What are the benefits of working with a faculty member?
Partnering with a faculty member presents an opportunity to collaborate with an expert in your area of interest and connect with a mentor who can offer guidance throughout your academic journey and beyond.
One of the best ways to find a faculty mentor is to reach out to one of your course instructors — past or present — who aligns with your interests. Ask the instructor about the possibility of collaborating on a research project funded through the NCUIRE program. If your professor agrees to collaborate, you’ll develop a proposal and get started.
Will I get paid?
You can earn class credit for your research or you can choose to forego the credit and receive a small stipend. If you select the stipend, you must meet your progress deadlines as outlined in your award letter in order to receive it.
Stipends range from $500 for a NCUIRE research associate, to $2,500 for a NCUIRE scholar and $3,000 for a NCUIRE fellow.

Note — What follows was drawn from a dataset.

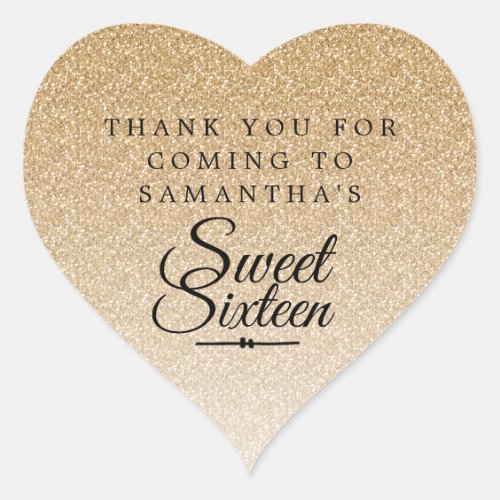 Sweet 16 Gold Glitter Ombre Thank You Custom Name Heart Sticker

Research associate positions are available for students in their first or second year who prefer less rigorous research, while upper-division students can become fellows or scholars to undertake more serious and intensive research.
Will I get to present my research?
The New College Undergraduate Research and Creative Projects Symposium hosts an annual convention for students to present their research findings. The symposium features a keynote address, poster session and student awards. Students present their research in poster format, which faculty judges evaluate to determine the recipients of the student awards.
“Through the symposium, online students have the unique opportunity to showcase their work, present evidence persuasively, develop social capital and expand their network,” said Eric Swank, associate director of NCUIRE. “They also have the chance to observe and engage with the presentations of their peers, allowing them to practice analyzing original research and synthesizing competing arguments.”
By sharing your real-world findings and speaking to your research, you’ll develop the skills necessary for your future career. You’ll practice these skills and gain the experience you need to pursue your chosen field with confidence.